Glossary

Definitions of the key terms used in Canadian leveraged investing and interest deductibility tracking. Each term links to the Learn page where it's explained in context.

Adjusted Cost Base (ACB)

The total cost of a security for tax purposes, including purchase price and adjustments for return of capital. Canada requires averaging across all units of the same security.

Average Daily Balance Method

The standard financial method used to allocate interest across a period where balances change. Each day's balance is weighted by its duration, then the total interest is distributed proportionally. Banks use this same approach for deposit accounts and credit lines. See How interest is time-weighted.

Borrowed Cash

Cash in your brokerage that came from borrowed funds and hasn't been invested yet. When margin debt is outstanding, the brokerage is generally in margin state rather than holding positive borrowed cash.

Borrowed Cost Base

The portion of a security's cost that was funded with borrowed money. Determines what portion of sale proceeds affects your debt ratio. See Selling holdings.

Brokerage Margin

Debt owed to your brokerage when transactions exceed available brokerage cash. Margin debt is tracked by purpose because interest may be deductible or non-deductible depending on how the borrowed funds were used. See Brokerage margin.

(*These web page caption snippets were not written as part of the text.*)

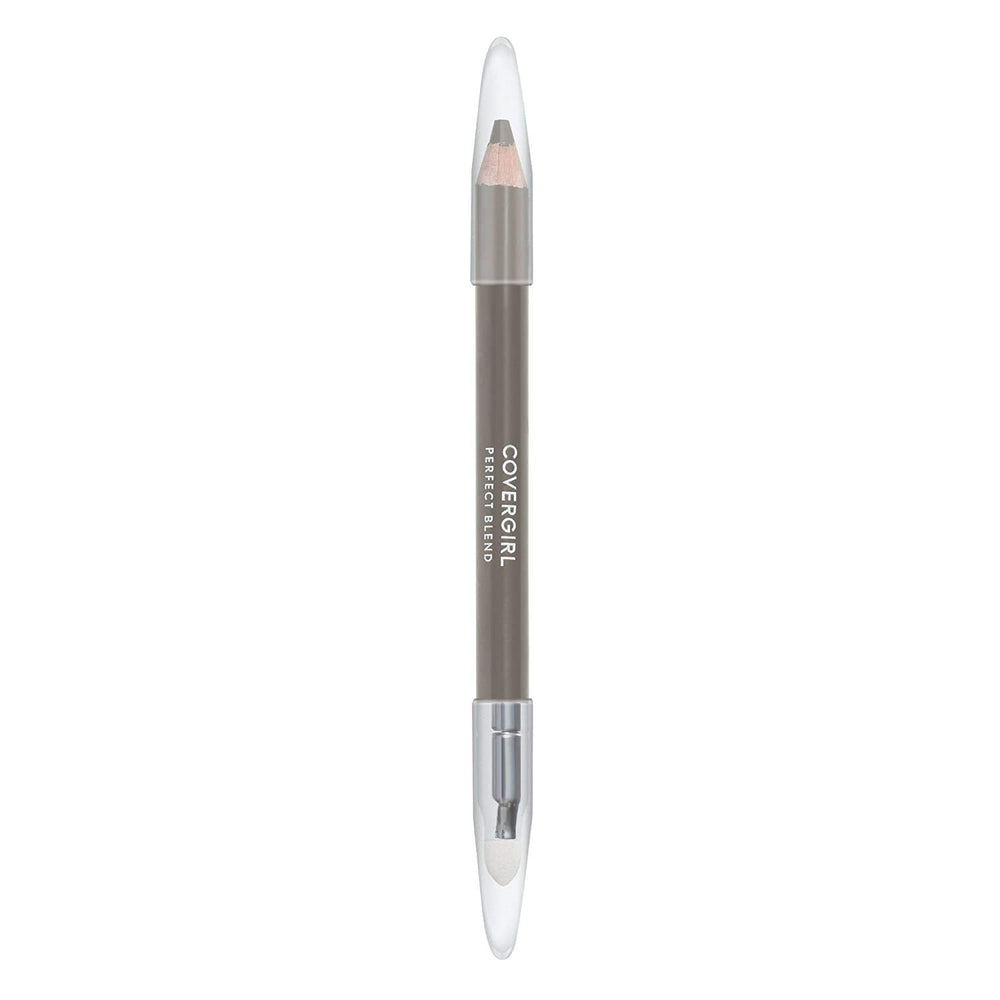 CoverGirl Perfect Blend Eye Pencil plush blender tip enables effortless smoky eye.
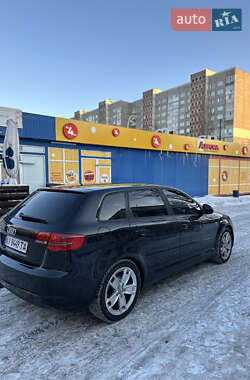 Хетчбек Audi A3 2008 в Києві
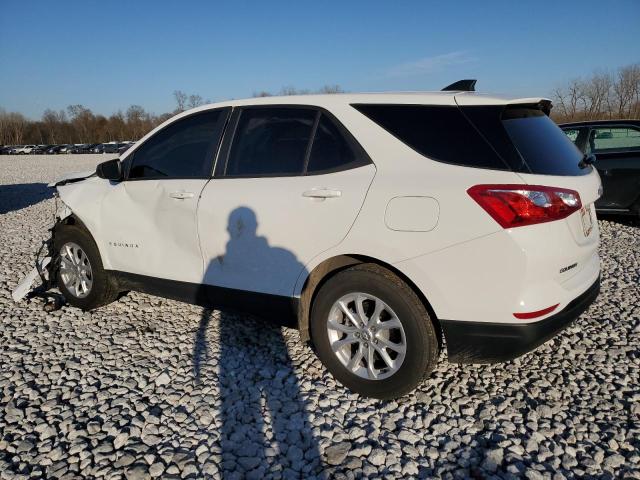 Obraz 2 z 2021 CHEVROLET EQUINOX LS 2021 z VIN 3GNAXSEV9MS140621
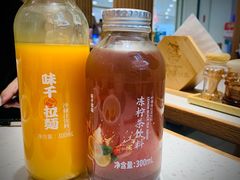 沙棘汁-味千拉面(双井店)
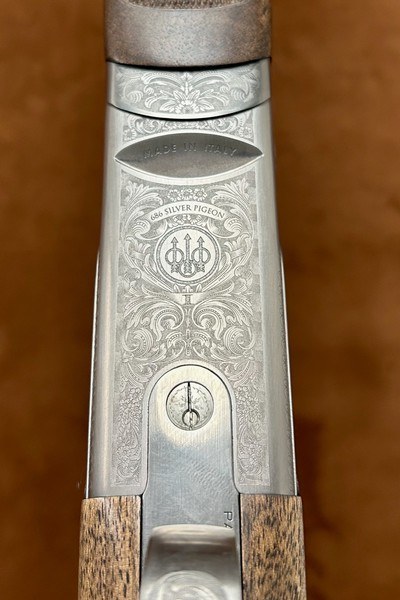 Beretta 686 Silver Pigeon 1 Sporting B-Fast 12GA 32" | 26060011 - Image 2 of 15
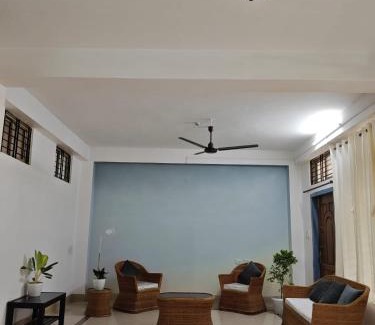 Gauhati House | Shimrays Minimalist Homestay
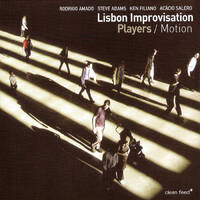 Lisbon Improvisation Players - Motion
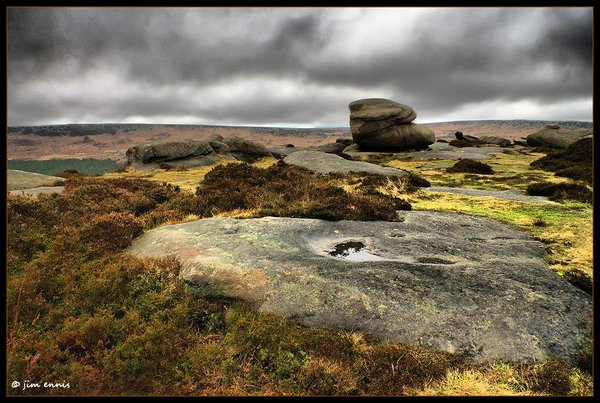 Carl Wark topstone
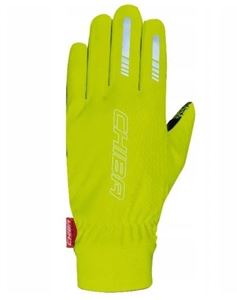Obrazek RĘKAWICE CHIBA THERMOFLEECE WATERPRO M NEONGELB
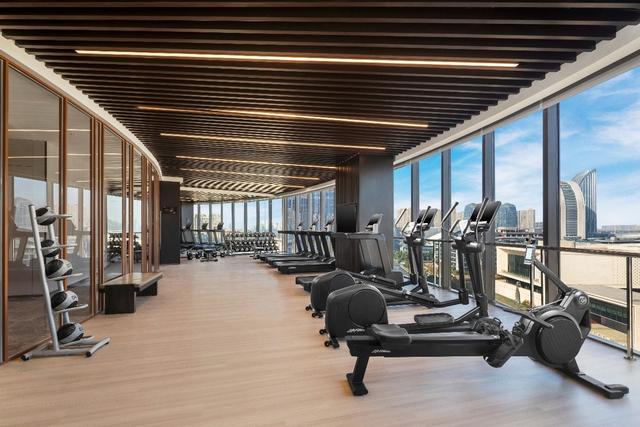 古越新韵于江南水乡演绎现代雅居，绍兴苏宁希尔顿酒店及公寓正式开业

Capitalized Deductible Interest

Principal created when you borrow to pay deductible interest charges. Interest on this principal is itself deductible. See Interest capitalization.

Capitalized Non-Deductible Interest

Principal created when you borrow to pay non-deductible interest charges. Interest on this principal remains non-deductible. Tracked within the non-deductible principal balance (not as a separate sub-balance).

Deductible Principal

Borrowed money currently tied to investments. Interest charged on this portion is tax-deductible. Includes invested principal and capitalized deductible interest.

Income Tax Folio S3-F6-C1

The CRA's comprehensive guidance on interest deductibility. The primary authority for the rules this app implements. Read the full folio on canada.ca. See CRA rules applied.

Interest Capitalization

Paying interest by borrowing more from your credit line. This is used when interest was added to the credit balance and you settle that outstanding interest by borrowing more from the same account. See Interest capitalization.

Invested Principal

Borrowed funds that have been deployed into securities. Interest charged on this portion is deductible because the funds are traceable to an investment purpose. See how balances are tracked.

Margin Interest

Interest charged by the brokerage on margin debt. The app splits it between deductible and non-deductible portions using margin-side balances, then adds it directly to margin debt. See Margin Interest Charge.

Margin State

A brokerage state where margin debt is outstanding. Incoming cash normally repays margin before becoming brokerage cash.

External Account

An external account (e.g. chequing or savings) where some lenders charge HELOC interest. The app tracks which external accounts are used. See Interest Charge.

Non-Deductible Principal

Borrowed money NOT tied to income-producing investments. Tracked as a single balance that includes idle borrowed cash, personal borrowing, and capitalized non-deductible interest. The app does not break this down further. Interest on this portion is not deductible.

Outstanding Interest

Interest charged by the lender but not yet paid. Not deductible until paid (cash-basis timing). Split into outstanding eligible and outstanding non-eligible based on the balance composition when charged. See how balances are tracked.

Personal Cash

Cash in your brokerage that is yours — dividends, gains, deposits. Not tied to borrowed funds and doesn't affect interest deductibility.

Personal Cost Base

The portion of a security's cost funded with your own money. Sale proceeds from this portion are yours to use freely.

Personal-Use Borrowing

Amounts borrowed for non-investment purposes. These are included in non-deductible principal. Interest on this portion is not deductible. See Mixed HELOC use.

Proportional Repayment

CRA rule (¶1.43): when you pay down a mixed credit balance, the payment is allocated proportionally between deductible and non-deductible portions. You cannot target the personal portion first. See Mixed HELOC use.

Return of Capital (RoC)

A distribution from a security that is not income — it's a return of your invested principal. Reduces your cost basis and can change your deductible debt ratio. See Return of Capital.

Refinancing

Replacing one lender's debt with another while preserving the debt's deductible or non-deductible character. For example, a credit advance can repay brokerage margin, or a brokerage-to-credit transfer in margin state can move debt from credit to margin.

Smith Manoeuvre

A Canadian strategy for converting non-deductible mortgage interest into deductible investment loan interest, typically using a readvanceable HELOC.

Superficial Loss Rule

A CRA rule that denies a capital loss when you sell a security and buy the same security back within 30 days before or after the sale (in any of your non-registered accounts, or by an affiliated person such as a spouse) and still hold it at the end of that window. The denied loss is added to the adjusted cost base of the repurchased shares, deferring it to a future sale. See Investment Sale.

Tracing Principle

The CRA's requirement that interest deductibility follows the current use of borrowed funds, not the original intent. You must trace each borrowed dollar to its use. See How interest deductibility works.